**Task description:**
Each line from the start of the entries through the line that contains "Briard Construction Model" should be output exactly, please.

----

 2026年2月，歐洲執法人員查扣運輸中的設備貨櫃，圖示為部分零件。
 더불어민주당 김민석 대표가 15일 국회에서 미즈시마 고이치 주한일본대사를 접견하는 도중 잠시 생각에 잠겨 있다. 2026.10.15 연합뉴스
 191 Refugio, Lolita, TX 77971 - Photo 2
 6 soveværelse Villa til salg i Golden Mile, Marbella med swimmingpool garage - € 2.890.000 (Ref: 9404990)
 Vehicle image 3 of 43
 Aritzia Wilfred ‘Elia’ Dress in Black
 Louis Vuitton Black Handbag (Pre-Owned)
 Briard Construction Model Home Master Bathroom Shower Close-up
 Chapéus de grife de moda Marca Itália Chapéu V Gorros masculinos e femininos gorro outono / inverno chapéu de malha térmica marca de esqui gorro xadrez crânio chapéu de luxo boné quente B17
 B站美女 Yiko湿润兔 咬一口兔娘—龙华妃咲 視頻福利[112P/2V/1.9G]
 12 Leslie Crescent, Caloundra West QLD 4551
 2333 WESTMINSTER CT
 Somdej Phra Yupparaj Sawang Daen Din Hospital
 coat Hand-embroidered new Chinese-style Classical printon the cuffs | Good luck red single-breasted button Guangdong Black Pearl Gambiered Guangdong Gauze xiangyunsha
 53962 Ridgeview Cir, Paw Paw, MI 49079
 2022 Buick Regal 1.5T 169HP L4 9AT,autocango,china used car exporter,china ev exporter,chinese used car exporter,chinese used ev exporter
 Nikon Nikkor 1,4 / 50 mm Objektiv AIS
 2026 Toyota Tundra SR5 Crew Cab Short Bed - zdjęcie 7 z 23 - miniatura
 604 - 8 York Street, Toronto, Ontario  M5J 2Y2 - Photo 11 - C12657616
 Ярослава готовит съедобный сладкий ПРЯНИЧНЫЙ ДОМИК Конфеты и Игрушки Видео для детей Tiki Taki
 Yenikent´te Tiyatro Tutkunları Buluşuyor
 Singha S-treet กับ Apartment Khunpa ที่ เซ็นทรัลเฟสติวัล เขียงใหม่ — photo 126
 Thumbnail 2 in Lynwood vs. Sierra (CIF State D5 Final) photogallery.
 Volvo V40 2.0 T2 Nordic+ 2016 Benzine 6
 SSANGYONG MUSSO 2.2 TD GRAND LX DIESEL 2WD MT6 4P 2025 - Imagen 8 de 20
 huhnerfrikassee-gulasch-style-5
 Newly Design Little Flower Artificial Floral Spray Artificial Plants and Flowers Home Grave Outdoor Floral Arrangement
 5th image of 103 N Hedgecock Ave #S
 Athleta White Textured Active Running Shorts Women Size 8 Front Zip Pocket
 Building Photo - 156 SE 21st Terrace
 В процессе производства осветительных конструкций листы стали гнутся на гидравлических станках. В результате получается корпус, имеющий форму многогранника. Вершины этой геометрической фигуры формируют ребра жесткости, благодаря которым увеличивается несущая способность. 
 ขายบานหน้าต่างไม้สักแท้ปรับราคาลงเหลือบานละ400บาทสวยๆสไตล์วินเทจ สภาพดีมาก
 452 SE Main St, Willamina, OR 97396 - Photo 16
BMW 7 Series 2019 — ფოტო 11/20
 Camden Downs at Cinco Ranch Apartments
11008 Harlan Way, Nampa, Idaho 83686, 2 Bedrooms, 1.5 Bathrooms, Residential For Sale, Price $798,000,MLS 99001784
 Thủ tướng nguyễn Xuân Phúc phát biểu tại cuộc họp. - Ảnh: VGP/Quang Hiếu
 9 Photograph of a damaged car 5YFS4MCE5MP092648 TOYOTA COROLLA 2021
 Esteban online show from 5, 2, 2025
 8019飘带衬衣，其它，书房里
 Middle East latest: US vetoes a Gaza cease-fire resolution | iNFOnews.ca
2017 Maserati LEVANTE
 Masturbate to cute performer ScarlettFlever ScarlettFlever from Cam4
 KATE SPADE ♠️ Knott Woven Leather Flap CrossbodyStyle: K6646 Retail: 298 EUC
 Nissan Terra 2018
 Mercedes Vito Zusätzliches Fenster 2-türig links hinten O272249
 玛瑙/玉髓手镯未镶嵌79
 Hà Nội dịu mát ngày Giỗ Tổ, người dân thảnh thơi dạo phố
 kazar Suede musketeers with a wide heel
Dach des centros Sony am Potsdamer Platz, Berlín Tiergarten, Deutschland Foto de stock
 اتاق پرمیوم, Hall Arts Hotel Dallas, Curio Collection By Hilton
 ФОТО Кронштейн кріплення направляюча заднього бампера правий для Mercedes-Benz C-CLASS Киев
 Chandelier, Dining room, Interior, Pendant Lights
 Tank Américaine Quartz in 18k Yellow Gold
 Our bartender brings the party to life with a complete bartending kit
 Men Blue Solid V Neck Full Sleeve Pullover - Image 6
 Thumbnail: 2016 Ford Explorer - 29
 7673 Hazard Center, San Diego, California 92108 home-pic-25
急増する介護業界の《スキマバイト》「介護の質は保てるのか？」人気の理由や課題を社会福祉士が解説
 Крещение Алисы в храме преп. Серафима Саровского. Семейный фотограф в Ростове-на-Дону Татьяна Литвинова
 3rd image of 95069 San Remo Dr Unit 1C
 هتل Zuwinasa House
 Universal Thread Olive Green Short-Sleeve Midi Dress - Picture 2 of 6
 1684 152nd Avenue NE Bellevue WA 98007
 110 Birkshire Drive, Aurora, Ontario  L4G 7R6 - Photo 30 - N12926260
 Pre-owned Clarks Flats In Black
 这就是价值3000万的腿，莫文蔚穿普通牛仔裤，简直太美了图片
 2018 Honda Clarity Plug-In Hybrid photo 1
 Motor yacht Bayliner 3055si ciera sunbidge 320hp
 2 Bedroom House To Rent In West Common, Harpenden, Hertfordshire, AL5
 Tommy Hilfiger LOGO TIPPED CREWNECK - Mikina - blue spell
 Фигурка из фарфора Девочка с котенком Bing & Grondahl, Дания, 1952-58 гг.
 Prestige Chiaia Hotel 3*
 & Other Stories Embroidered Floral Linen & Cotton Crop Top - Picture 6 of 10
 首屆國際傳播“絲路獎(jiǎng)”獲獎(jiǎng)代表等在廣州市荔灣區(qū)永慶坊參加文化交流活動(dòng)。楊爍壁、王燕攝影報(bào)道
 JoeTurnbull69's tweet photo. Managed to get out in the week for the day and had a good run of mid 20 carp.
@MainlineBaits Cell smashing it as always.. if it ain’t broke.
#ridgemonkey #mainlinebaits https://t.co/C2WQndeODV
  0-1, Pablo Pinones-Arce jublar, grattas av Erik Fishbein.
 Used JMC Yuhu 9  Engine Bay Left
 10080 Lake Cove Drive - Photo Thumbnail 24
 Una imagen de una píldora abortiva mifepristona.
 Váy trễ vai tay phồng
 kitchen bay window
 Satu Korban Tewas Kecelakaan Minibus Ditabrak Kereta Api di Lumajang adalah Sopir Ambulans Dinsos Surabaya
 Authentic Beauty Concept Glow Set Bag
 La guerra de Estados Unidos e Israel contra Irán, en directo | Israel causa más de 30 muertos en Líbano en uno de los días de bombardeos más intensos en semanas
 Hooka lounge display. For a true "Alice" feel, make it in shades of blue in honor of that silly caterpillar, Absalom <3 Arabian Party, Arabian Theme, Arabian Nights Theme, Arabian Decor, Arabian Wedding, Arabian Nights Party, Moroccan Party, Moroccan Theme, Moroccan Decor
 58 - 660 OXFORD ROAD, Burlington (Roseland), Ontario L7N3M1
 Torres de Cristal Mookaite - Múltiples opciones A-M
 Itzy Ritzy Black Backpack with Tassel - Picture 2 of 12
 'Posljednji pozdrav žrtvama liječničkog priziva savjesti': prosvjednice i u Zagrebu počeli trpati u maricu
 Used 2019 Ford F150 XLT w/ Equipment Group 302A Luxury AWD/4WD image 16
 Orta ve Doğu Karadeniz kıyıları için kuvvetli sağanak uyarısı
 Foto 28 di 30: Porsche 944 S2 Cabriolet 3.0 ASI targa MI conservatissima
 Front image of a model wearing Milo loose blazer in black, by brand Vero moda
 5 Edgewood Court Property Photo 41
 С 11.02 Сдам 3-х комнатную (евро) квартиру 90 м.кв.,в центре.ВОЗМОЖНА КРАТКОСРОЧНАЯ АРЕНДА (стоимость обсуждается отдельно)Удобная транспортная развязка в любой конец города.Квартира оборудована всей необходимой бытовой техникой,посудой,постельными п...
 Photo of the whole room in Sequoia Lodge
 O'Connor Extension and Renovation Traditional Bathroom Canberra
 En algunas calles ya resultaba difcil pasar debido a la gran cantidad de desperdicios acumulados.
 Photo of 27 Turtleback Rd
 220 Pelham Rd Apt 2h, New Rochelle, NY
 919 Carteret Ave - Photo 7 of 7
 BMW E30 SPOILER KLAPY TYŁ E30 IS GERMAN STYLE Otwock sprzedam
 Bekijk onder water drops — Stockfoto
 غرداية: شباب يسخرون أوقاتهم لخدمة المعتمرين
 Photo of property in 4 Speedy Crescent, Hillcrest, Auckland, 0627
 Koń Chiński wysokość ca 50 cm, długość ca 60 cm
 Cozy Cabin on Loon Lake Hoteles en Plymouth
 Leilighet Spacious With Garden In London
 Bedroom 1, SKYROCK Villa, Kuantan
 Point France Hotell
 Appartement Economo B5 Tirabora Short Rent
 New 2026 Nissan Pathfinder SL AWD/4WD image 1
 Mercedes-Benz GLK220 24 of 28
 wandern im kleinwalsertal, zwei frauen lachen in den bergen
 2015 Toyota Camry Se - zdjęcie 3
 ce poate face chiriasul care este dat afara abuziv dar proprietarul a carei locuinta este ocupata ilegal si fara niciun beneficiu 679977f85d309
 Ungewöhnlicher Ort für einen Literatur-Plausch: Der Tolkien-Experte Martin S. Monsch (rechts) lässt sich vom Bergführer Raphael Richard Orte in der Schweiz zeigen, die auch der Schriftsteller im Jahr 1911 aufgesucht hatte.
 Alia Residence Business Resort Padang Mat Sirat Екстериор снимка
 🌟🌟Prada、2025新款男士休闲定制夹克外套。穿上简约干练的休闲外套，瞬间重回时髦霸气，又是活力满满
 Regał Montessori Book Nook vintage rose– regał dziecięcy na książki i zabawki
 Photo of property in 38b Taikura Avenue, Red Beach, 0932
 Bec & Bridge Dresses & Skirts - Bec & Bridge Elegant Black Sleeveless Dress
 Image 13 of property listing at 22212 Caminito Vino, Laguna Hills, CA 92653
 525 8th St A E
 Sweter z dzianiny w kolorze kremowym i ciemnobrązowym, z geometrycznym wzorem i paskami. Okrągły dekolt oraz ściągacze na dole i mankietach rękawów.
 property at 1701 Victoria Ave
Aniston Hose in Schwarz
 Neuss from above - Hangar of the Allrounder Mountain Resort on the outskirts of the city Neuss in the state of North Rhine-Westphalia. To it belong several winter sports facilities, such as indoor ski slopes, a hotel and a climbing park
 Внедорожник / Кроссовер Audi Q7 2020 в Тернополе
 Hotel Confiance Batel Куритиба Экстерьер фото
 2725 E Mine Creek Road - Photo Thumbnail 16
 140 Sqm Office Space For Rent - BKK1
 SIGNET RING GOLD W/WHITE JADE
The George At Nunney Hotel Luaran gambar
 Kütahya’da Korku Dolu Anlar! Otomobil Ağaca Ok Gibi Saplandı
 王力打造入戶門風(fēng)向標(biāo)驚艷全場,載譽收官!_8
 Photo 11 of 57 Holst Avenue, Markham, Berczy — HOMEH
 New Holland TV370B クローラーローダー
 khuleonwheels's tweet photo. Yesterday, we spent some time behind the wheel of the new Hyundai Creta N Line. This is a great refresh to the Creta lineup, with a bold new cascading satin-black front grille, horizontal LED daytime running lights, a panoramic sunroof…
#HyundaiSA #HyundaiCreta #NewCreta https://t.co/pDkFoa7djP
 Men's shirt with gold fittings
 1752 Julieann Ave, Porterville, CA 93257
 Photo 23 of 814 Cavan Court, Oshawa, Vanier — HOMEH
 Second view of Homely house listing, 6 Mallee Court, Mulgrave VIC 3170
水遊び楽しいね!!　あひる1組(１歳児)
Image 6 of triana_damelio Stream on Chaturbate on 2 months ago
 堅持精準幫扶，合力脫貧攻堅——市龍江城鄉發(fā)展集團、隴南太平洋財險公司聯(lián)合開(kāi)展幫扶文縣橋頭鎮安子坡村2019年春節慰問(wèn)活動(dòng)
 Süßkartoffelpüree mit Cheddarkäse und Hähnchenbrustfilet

----

**Task output:**
 2026年2月，歐洲執法人員查扣運輸中的設備貨櫃，圖示為部分零件。
 더불어민주당 김민석 대표가 15일 국회에서 미즈시마 고이치 주한일본대사를 접견하는 도중 잠시 생각에 잠겨 있다. 2026.10.15 연합뉴스
 191 Refugio, Lolita, TX 77971 - Photo 2
 6 soveværelse Villa til salg i Golden Mile, Marbella med swimmingpool garage - € 2.890.000 (Ref: 9404990)
 Vehicle image 3 of 43
 Aritzia Wilfred ‘Elia’ Dress in Black
 Louis Vuitton Black Handbag (Pre-Owned)
 Briard Construction Model Home Master Bathroom Shower Close-up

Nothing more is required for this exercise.